Write only the count of lines that hold the word "Apartman" in the listing.

* Data records
"""
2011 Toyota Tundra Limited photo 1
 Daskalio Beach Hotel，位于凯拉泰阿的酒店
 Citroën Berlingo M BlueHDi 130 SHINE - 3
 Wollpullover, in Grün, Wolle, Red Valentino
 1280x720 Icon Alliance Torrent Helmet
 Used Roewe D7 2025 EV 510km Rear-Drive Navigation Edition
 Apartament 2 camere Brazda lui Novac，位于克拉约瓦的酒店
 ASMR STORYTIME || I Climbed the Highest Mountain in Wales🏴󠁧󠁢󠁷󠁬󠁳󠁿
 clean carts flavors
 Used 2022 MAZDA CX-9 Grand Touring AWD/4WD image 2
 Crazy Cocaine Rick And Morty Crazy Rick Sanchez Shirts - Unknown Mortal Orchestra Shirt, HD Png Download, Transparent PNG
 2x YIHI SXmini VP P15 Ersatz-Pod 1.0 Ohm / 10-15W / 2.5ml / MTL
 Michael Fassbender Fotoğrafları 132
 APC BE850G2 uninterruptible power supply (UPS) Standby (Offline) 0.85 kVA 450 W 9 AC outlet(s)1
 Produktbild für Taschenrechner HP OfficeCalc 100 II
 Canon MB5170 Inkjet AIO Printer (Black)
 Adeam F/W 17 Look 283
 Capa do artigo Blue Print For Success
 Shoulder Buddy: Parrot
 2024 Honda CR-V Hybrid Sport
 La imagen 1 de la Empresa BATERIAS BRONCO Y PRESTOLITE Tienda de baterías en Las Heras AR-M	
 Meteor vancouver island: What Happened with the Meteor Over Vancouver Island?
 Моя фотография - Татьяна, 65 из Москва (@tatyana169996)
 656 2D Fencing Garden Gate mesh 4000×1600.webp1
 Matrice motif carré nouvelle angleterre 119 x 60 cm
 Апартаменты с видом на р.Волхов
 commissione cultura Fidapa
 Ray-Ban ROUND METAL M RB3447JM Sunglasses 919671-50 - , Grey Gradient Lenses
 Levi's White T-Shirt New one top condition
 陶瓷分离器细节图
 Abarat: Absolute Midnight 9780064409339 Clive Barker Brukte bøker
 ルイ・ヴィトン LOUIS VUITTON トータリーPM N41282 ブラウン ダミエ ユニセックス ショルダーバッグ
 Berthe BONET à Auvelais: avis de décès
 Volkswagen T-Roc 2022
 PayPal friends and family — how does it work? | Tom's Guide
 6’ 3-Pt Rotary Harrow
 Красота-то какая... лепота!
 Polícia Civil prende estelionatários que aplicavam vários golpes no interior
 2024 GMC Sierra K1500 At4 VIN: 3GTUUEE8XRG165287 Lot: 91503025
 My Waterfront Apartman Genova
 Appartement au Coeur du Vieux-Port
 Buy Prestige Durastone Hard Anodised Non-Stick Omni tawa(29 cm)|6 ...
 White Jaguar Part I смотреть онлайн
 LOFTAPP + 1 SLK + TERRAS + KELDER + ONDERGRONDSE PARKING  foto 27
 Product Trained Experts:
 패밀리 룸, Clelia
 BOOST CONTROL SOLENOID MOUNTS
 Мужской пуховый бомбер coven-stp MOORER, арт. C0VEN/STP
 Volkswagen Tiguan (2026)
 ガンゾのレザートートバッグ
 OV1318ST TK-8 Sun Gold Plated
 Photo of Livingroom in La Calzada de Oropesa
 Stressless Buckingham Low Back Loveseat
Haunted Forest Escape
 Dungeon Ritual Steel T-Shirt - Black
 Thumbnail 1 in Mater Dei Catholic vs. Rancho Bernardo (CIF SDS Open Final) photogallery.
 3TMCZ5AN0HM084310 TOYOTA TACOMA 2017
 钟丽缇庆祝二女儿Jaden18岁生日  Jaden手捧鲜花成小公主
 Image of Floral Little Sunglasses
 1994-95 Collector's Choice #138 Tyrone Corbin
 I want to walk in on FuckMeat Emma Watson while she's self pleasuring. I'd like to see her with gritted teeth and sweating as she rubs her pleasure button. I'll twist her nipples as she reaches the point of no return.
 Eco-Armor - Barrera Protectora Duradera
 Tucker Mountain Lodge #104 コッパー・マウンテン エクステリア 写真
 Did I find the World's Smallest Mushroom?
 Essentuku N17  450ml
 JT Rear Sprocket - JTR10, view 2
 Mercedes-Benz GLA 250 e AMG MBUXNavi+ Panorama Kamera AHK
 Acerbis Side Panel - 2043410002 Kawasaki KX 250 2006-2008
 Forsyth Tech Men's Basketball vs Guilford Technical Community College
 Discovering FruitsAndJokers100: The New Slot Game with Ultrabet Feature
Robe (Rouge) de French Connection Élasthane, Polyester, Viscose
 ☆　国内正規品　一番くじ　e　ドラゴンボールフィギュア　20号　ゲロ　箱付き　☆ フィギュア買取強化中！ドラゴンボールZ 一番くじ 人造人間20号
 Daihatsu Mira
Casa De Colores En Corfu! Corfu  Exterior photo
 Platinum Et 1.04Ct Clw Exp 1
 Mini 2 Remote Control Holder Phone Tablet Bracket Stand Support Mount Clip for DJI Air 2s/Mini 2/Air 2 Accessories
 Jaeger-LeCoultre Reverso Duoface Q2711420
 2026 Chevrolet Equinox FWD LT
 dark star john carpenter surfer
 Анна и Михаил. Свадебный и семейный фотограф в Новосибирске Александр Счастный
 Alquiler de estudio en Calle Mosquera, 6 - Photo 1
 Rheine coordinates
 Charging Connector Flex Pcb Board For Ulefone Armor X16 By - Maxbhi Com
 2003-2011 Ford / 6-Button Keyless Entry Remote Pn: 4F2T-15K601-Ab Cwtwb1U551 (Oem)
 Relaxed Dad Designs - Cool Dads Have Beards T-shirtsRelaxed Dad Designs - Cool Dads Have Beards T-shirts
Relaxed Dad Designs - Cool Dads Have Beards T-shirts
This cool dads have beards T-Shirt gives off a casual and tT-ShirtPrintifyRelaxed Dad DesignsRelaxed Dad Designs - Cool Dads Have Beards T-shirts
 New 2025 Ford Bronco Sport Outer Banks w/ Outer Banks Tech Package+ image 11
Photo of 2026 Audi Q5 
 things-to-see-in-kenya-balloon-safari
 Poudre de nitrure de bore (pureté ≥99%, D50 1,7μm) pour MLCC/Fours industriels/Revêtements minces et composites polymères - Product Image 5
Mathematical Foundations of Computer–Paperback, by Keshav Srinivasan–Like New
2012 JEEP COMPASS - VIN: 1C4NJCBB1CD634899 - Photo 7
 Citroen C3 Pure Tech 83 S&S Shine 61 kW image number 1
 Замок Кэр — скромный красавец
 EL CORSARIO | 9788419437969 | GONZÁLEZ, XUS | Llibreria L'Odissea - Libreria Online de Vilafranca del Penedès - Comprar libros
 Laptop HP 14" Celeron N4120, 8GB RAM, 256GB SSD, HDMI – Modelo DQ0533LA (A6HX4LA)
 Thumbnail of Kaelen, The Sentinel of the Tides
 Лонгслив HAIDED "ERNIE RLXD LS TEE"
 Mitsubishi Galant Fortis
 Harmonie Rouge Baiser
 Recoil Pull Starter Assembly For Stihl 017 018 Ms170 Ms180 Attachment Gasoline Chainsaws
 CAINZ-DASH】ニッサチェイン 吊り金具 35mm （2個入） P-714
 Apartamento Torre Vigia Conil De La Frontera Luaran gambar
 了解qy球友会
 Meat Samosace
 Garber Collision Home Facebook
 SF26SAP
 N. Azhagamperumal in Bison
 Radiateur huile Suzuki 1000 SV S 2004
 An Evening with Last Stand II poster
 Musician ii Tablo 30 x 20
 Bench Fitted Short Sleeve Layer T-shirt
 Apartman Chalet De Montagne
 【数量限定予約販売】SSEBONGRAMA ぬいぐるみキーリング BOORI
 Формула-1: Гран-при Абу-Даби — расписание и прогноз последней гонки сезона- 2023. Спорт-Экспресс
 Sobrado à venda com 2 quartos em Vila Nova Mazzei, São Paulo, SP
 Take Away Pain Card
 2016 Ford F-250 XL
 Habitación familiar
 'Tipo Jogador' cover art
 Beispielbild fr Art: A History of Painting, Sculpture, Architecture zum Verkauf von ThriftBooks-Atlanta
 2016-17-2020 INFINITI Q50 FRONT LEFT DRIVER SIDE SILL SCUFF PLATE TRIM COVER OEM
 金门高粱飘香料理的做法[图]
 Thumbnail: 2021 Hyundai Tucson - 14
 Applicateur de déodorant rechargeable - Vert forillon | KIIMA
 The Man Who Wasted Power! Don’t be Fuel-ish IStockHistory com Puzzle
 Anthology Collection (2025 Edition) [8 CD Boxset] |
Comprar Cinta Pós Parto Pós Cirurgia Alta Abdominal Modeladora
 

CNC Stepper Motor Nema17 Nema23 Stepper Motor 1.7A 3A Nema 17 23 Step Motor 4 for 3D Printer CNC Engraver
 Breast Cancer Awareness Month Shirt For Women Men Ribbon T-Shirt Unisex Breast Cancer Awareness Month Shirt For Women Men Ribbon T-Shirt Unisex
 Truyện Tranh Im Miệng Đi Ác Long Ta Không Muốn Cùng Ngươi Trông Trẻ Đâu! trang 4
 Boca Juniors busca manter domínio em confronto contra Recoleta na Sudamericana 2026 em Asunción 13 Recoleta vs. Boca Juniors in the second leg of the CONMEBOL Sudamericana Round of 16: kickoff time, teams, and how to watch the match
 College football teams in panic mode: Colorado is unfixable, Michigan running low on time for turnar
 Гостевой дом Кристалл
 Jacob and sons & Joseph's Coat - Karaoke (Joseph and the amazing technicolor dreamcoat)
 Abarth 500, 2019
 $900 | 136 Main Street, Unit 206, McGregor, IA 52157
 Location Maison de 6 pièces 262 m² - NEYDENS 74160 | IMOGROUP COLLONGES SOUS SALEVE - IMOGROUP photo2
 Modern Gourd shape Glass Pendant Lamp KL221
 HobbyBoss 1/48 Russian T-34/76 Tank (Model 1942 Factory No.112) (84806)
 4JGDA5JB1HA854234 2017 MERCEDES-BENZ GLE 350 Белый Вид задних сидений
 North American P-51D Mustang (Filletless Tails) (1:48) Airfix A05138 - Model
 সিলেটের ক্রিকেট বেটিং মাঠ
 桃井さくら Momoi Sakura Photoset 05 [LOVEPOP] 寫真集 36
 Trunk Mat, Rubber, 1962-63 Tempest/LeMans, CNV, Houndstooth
"""
* Task answer
2